Observations are more to the point than basic theory. So, not lucky but observant overall, but the theory is lucky - like theories of magnetism were before Maxwell. Obviously, inventing the compass took more than just the theory element earth plus influence of Mars and then of Venus => a magnet.
"I'm betting on a modern understanding of orbital mechanics, one that takes into account the Earth's orbit around the Sun, as the most likely path to success, as it most closely is consistent with observable reality."
They don't go out of their way to make it inconsistent with observations. You have failed to show where the Tychonian position is so.
- II
- 3:52 I wrestled with it for less than 24 hours.
On August 23 2001, I came across the problem as an objection to recent creation loaded with novas in distant stars.
On August 24, day of St. Bartholomew, I offered the solution, I regard it as a gift of God, during intervening night, of Geocentrism => Parallax isn't such => Stars aren't distant. Or all that distant.
- III
- 6:04 Starlight created in transit? The problem of supernovas.
6:36 I believe the Andromeda Nebula is one or two light days up, and that light has travelled for one or two days.
- IV
- 7:02 Now, I am scientific on the question of light travel.
But on the question of stellar movements or planetary orbits (Tychonian with ellipses as per Riccioli) or universe turning around the earth each day, I consider most of these as direct acts of angels on single bodies, and one of these, the last, as an act by God on the universe as a whole.
The Sun moves around us in 24 hours because:- God moves the universe around us East to West, just a little faster, a stellar day per rotation around the axis;
- the angel of the Sun moves around the universe along ecliptic, West to East, c. 366 times slower than that.
- V
- 7:55 The sustaining as such is, on astronomic levels, also a miracle.
- VI
- 9:07 The water turned to wine at Cana, like the confusion of languages at Babel, are one time events.

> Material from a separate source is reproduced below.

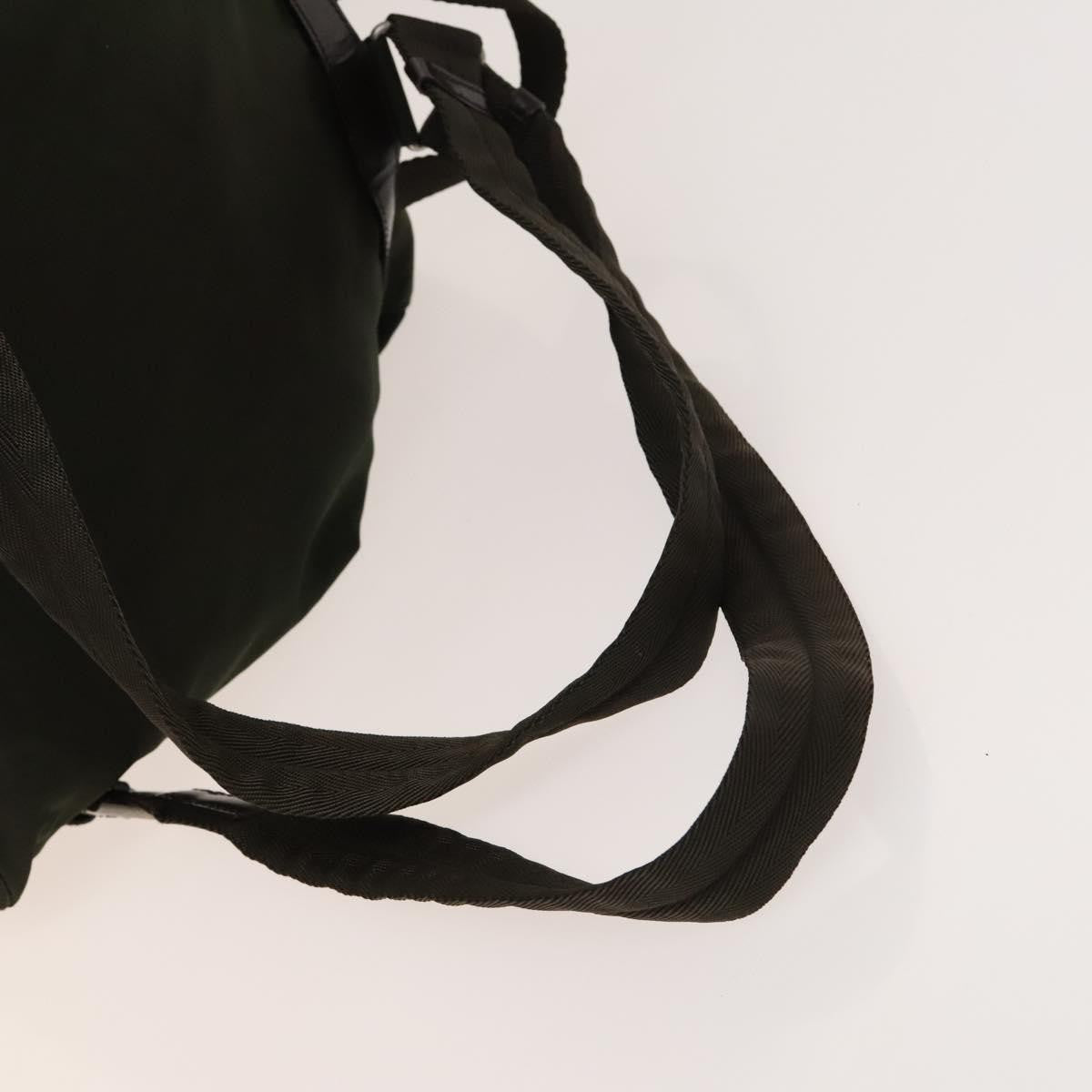 Prada Vela Double Front Pocket Backpack Tessuto With Saffiano Leather Khaki Nylon Backpack Bag (Pre-Owned)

Us now seeing the light from Andromeda Spiral Nebula is however a regularly occurring part of God sustaining His creation.
Hence the interest that a natural speed of light accounts for that light being emitted within the Biblical timeline.
When I say "the sustaining is also a miracle" I do not mean natural causes cause in non-natural ways, but that they are themselves caused in their, for instance places, by not physical and not natural causes, like God and like his angels.
- VII
- 9:08 sth to 13:00 sth - excellent work Danny, no quibbles about this one.
After 15:10 up to 19:35, no quibbles except the distance to Orion just mentioned as if certain.
- VIII
- 15:10 What you didn't mention is, it was rejected in two ways : by Heliocentrics, but also by Tychonian Heliocentrism.
Tycho's disciple Kepler changed two things : 1) he was Heliocentric, 2) he considered the orbits more or less elliptic.
Now, what the last main Geocentric did - his name was Giovanni Battista Riccioli - was to keep Kepler's ellipses, but revert to Tychonian overall geometry.
Once all epicycles (except those of minor bodies like Io or Phobos) had the Sun as epicentre of one elliptic focus, it works (except for the quirks of Mercury, discussed by Einstein).